To the pudding add remaining 2 cups milk and egg substitute; mix well. Stir in vanilla extract, salt and nutmeg until well blended and coats a spoon. Refrigerate overnight.
Hazelnut Eggnog
Phases 2 and 3. Cooked like a custard sauce, this eggnog has the thick, rich consistency of the store-bought variety.
6 eggs
1/4 cup granular sugar substitute (such as Splenda in bulk package, not from packets)
1/2 cup Atkins or Da Vinci Sugar Free Hazelnut Syrup
1 1/2 cups fat free half and half
2 cups water
1 teaspoon vanilla extract
In large saucepan, beat together eggs and sugar substitute. In a mixing bowl, mix hazelnut syrup, fat free half and half, and water; stir 2 cups of this mixture into the egg mixture.
Cook over low heat, stirring constantly, until mixture is thick enough to coat a metal spoon (160° F). Remove from heat; stir in remaining 2 cups cream mixture and vanilla. Cover and refrigerate until thoroughly chilled, several hours or overnight.
Sugar-Free Eggless "Eggnog" 1
Phases 2 and 3. Quick and easy. Makes eight six-ounce servings. From www.allrecipes.com: This recipe is good for those who are allergic to eggs, and those who would like an eggnog free of worries.
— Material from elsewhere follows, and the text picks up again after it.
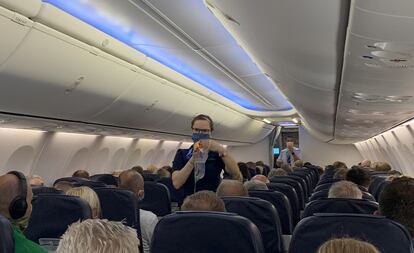Pasajeros del primer vuelo de TUI desde Düsseldorf (Alemania) a Palma de Mallorca, el pasado 16 de junio.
French vanilla pudding, with a little rum flavoring, and nutmeg, and they'll never know.
1 (3.5 ounce) package instant French vanilla pudding
1 1/2 quarts milk (can use skim or 1%)
2 1/2 teaspoons rum flavored extract
1/2 teaspoon nutmeg
In a large bowl, combine the pudding mix with 2 cups of milk, following package directions; allow to chill for 5 minutes.
To the pudding stir in the rum flavoring and nutmeg, then slowly mix in the remaining 4 cups of m ilk until the mixture is a thick but drinkable consistency. Chill until ready to serve.
South Beach Diet Eggnog
Phases 2 and 3. From the South Beach Diet Online's Daily Dish 12/24/03.
1 1/2 cups egg substitute (such as Egg Beaters)
2 tablespoons artificial sweetener (Nutrasweet, aspartame, Splenda, etc.)*
2 tablespoons vanilla
2 (12 ounce) cans evaporated skim milk
3 cups fat-free half-and-half
1 tablespoon brandy extract
Nutmeg
Pour 1 1/2 cups egg substitute into bowl. Add artificial sweetener and mix on medium speed until light and fluffy. Gradually blend in vanilla, evaporated skim milk, fat-free half-and-half, and brandy extract. Chill for 24 hours to blend the flavors. To serve, stir well and sprinkle with nutmeg.
*Note: Doesn't say if this measurement should be packets or granular. Haven't tried it yet, but I would probably use at least 1/2 cup granular Splenda in this recipe.